Embroidery seemed like a good choice for a hobby, though. The supplies were relatively inexpensive, so if it didn't pan out, at least I wouldn't have spent too much on it. (This would go on to change in subsequent months!) I made a trip to the craft store to buy some basics, and I ordered a few patterns from Sublime Stitching. I ended up getting impatient for the patterns to arrive (surprise!) and perused the web for some free patterns. I found these cute Halloween bunnies. I slid the printout under a tea towel I had purchased for this very endeavor, traced the pattern onto the towel with a pencil (I didn't have anything as fancy as a transfer pen at that point), and began stitching away. Two days later, I ended up with my very first embroidered tea towel:

I was hooked. I could embroider while watching TV, and I found that it really helped me unwind when I got home from work. It was also great to have a hobby that had tangible results.

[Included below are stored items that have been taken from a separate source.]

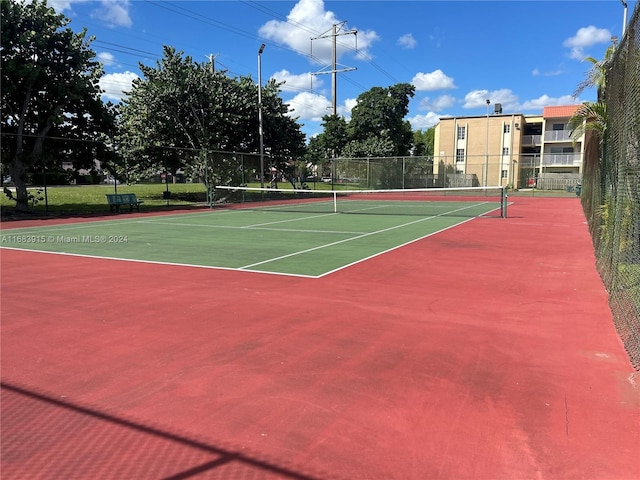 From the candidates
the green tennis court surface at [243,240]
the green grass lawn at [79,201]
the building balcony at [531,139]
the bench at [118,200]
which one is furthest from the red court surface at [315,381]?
the building balcony at [531,139]

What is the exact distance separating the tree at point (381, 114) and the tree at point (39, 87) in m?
38.8

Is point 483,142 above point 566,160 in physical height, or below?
above

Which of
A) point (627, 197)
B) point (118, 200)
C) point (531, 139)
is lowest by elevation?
point (118, 200)

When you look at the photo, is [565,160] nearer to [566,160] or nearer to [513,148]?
[566,160]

I could actually make things that would be both pretty and useful. I kept finding all of these patterns I wanted to stitch and ideas for new ones wouldn't stop swirling around in my head.

I picked up a couple of books, Embroidered Effects by Jenny Hart (the founder of Sublime Stitching) and Doodle Stitching: The Motif Collection by Aimee Ray, to help me out with some embroidery basics, such as selecting embroidery-appropriate fabrics and practicing different kinds of stitches. (I really recommend both of those books for anyone looking to get started with embroidery! Jenny's book comes with a bunch of fun pattern transfers, and Aimee's comes with a disc of all of her patterns so you can arrange them and print them out on your own.) I was off to an awesome start, which would soon spiral out of control with an impulsive purchase of a sewing machine and a new-found obsession with fabric patterns. But I'll save that story for next time. :)

I'm not sure what this blog will turn into - how often I'll update it, what kinds of things will be on it, or even how long I'll stick with it. But there you have it. My first post. Thanks for reading!